EXERCISE DIRECTIONS: Where an entry holds an image, leave the image out; otherwise reproduce the entry exactly.

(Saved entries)
┌────────

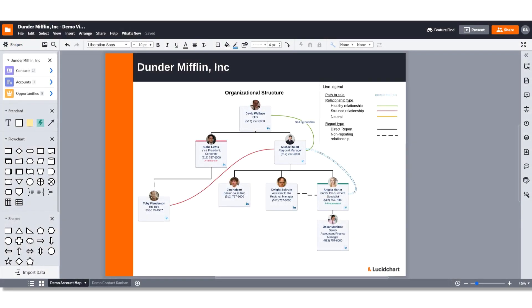Assigning contacts to opportunities will allow you to stay on top of complex deals and understand each individual's role throughout different opportunities within the account.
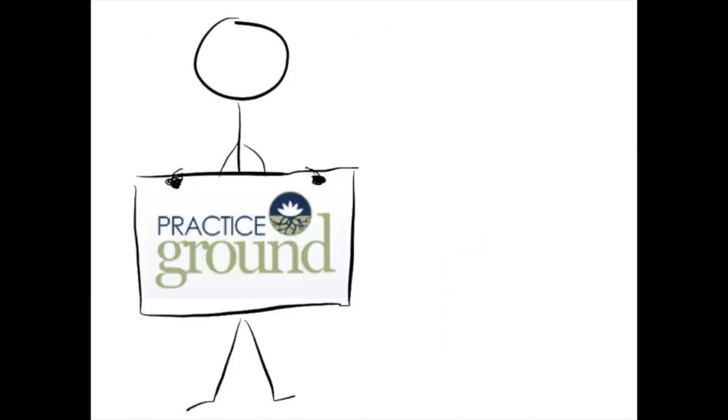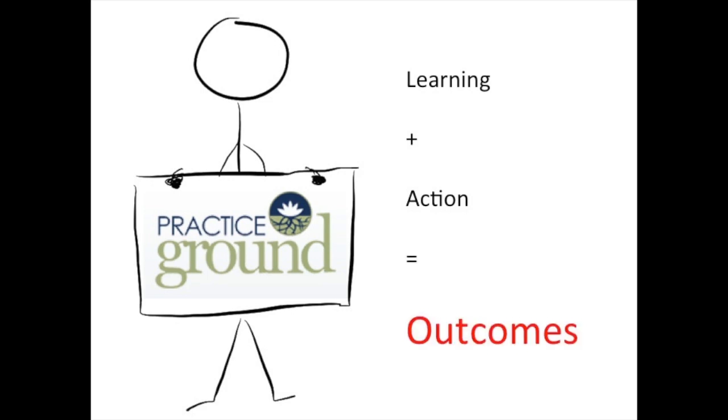Practice Ground is a new way of solving this challenge of putting learning into action, and as a result, ensuring that your learning impacts your client outcomes.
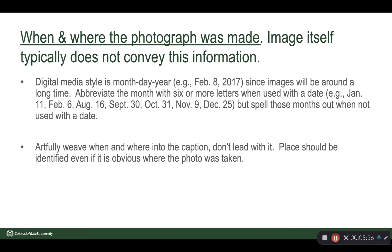Talk about when and where the photo was made — the image itself doesn't necessarily convey this information; think back to that tornado picture. Digital media style is month, day, year — for example, February 8th, 2017. Since the images are going to be around a long time, be sure that you get the specific date. Abbreviate months with six or more letters when used with a date — this is AP style. Go ahead and spell those months out if not used with a date.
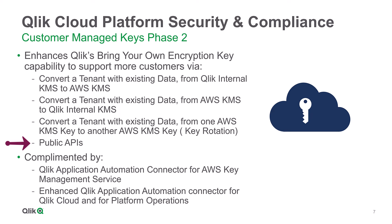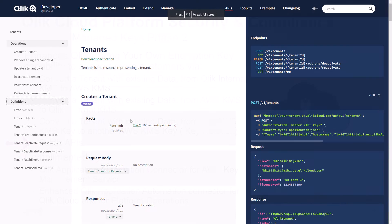To support our OEM and larger enterprise customers, we are also enabling the CMK automation lifecycle with a set of public APIs so developers can manage keys using their own applications.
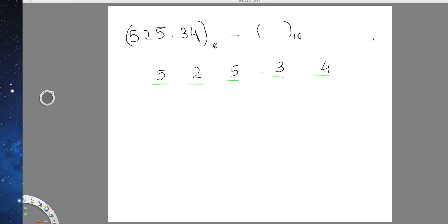In this video, I am going to show you how to convert an octal number to the hexadecimal number. One of the easiest ways to convert an octal number to the hexadecimal number is first converting the octal number into its binary equivalent, and thereafter converting that binary equivalent into the hexadecimal equivalent.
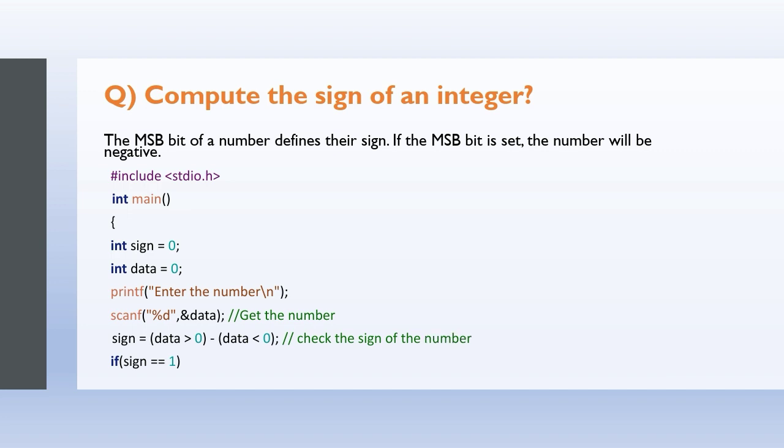Check the sign of the number. If sign double equals to one, then printf the entered number is a positive number. Else if sign double equals to minus one, printf the entered number is a negative number.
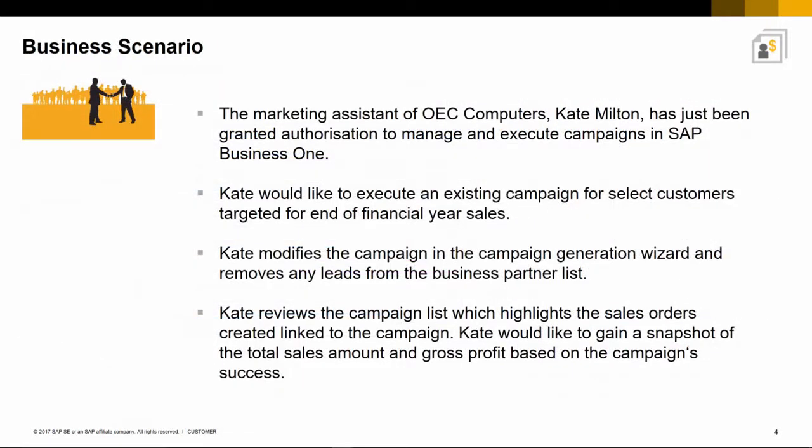Here is an example business case scenario. The marketing assistant of OEC Computers, Kate Milton, has just been granted authorization to manage and execute campaigns in SAP Business One. Kate would like to execute an existing campaign for select customers targeted for end of financial year sales.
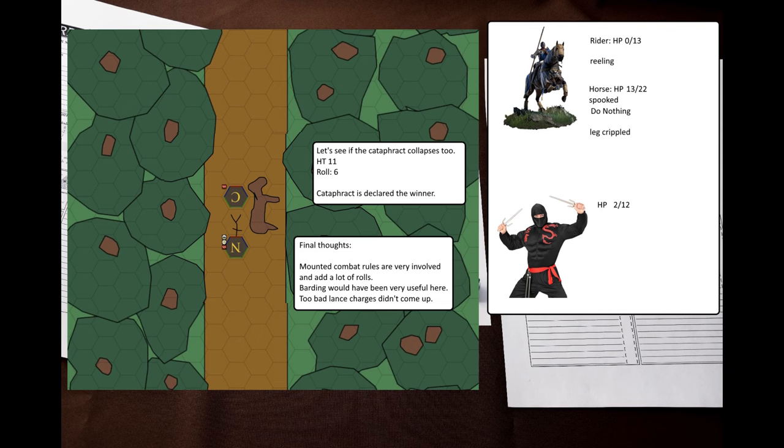I guess, since the ninja is unconscious, but the cataphract is merely on the edge of consciousness, I can declare the cataphract a winner here, even though that only happened due to bad damage rolls for the ninja. Overall, that was a fun fight, even if a short one. I didn't get to try out a lance charge, that's unfortunate. And as you can see, the mounted combat rules are quite involved. You have to do many riding rolls with some different penalties and rules, there are many new tables. Honestly, they are quite fun, and I would like to try some more mounted combat in the future. And it was quite fun actually playing against someone instead of playing against myself. But anyway, thank you for watching, and I'll see you next time.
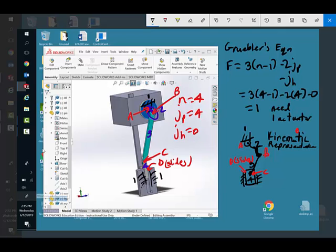It's a simplification of the slider crank. So that is it for a slider crank. We'll look at a four bar as well.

└────────

RESPONSE AREA:
Assigning contacts to opportunities will allow you to stay on top of complex deals and understand each individual's role throughout different opportunities within the account.
Practice Ground is a new way of solving this challenge of putting learning into action, and as a result, ensuring that your learning impacts your client outcomes.
Talk about when and where the photo was made — the image itself doesn't necessarily convey this information; think back to that tornado picture. Digital media style is month, day, year — for example, February 8th, 2017. Since the images are going to be around a long time, be sure that you get the specific date. Abbreviate months with six or more letters when used with a date — this is AP style. Go ahead and spell those months out if not used with a date.
To support our OEM and larger enterprise customers, we are also enabling the CMK automation lifecycle with a set of public APIs so developers can manage keys using their own applications.
In this video, I am going to show you how to convert an octal number to the hexadecimal number. One of the easiest ways to convert an octal number to the hexadecimal number is first converting the octal number into its binary equivalent, and thereafter converting that binary equivalent into the hexadecimal equivalent.
Check the sign of the number. If sign double equals to one, then printf the entered number is a positive number. Else if sign double equals to minus one, printf the entered number is a negative number.
Here is an example business case scenario. The marketing assistant of OEC Computers, Kate Milton, has just been granted authorization to manage and execute campaigns in SAP Business One. Kate would like to execute an existing campaign for select customers targeted for end of financial year sales.
I guess, since the ninja is unconscious, but the cataphract is merely on the edge of consciousness, I can declare the cataphract a winner here, even though that only happened due to bad damage rolls for the ninja. Overall, that was a fun fight, even if a short one. I didn't get to try out a lance charge, that's unfortunate. And as you can see, the mounted combat rules are quite involved. You have to do many riding rolls with some different penalties and rules, there are many new tables. Honestly, they are quite fun, and I would like to try some more mounted combat in the future. And it was quite fun actually playing against someone instead of playing against myself. But anyway, thank you for watching, and I'll see you next time.
It's a simplification of the slider crank. So that is it for a slider crank. We'll look at a four bar as well.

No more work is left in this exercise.